▶ **Task objective**
Write out exactly the lines running from the one with "Eggs and coffee on a gray concrete table" to the end of the data, including both of those lines and excluding pictures.

*** Opening Material provided ***

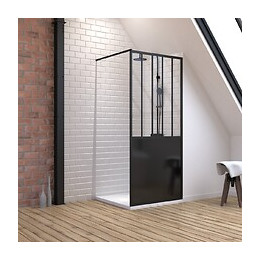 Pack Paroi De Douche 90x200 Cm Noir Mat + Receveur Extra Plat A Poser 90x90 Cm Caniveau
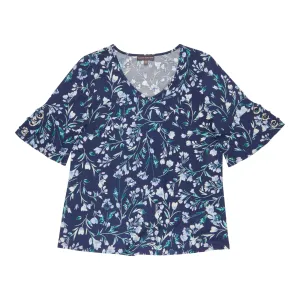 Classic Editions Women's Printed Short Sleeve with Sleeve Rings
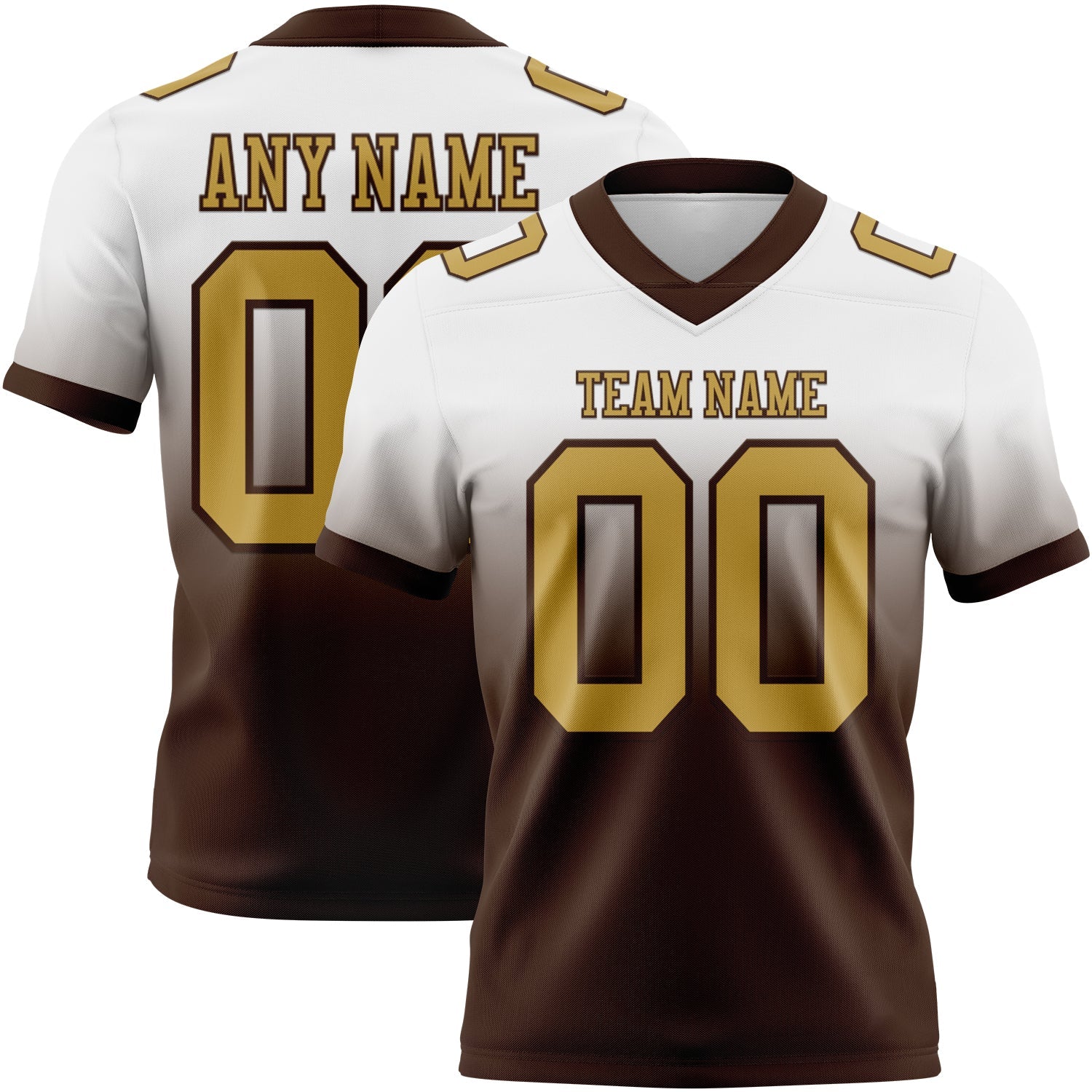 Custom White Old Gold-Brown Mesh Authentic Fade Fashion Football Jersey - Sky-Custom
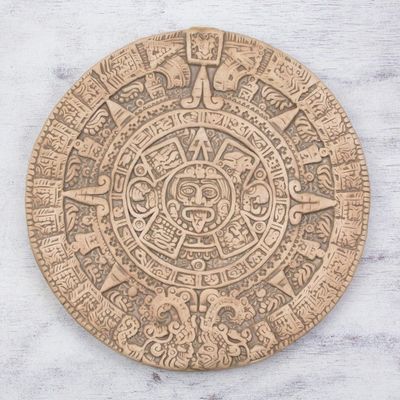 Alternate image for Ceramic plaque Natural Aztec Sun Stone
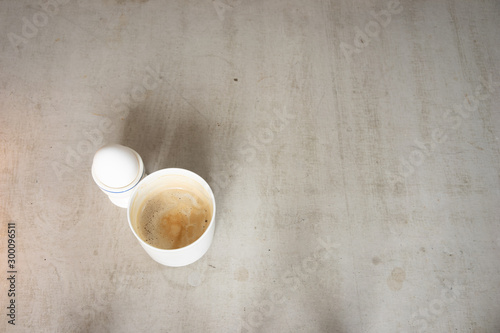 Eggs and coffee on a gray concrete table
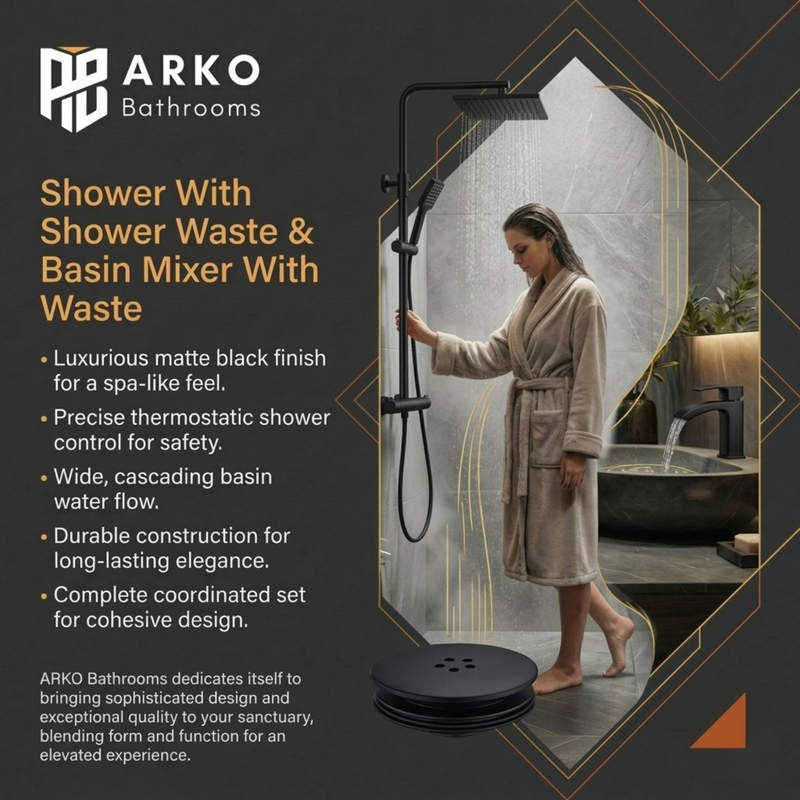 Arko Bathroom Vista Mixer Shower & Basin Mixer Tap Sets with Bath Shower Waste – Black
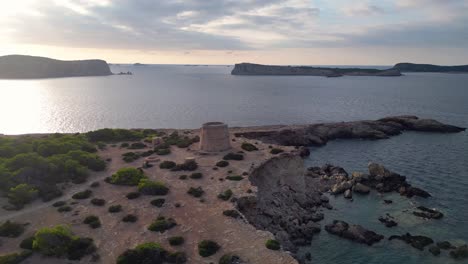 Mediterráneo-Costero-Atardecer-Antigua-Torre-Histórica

*** Closing Material provided ***

▶ **Response to this task**
 Eggs and coffee on a gray concrete table
 Arko Bathroom Vista Mixer Shower & Basin Mixer Tap Sets with Bath Shower Waste – Black
 Mediterráneo-Costero-Atardecer-Antigua-Torre-Histórica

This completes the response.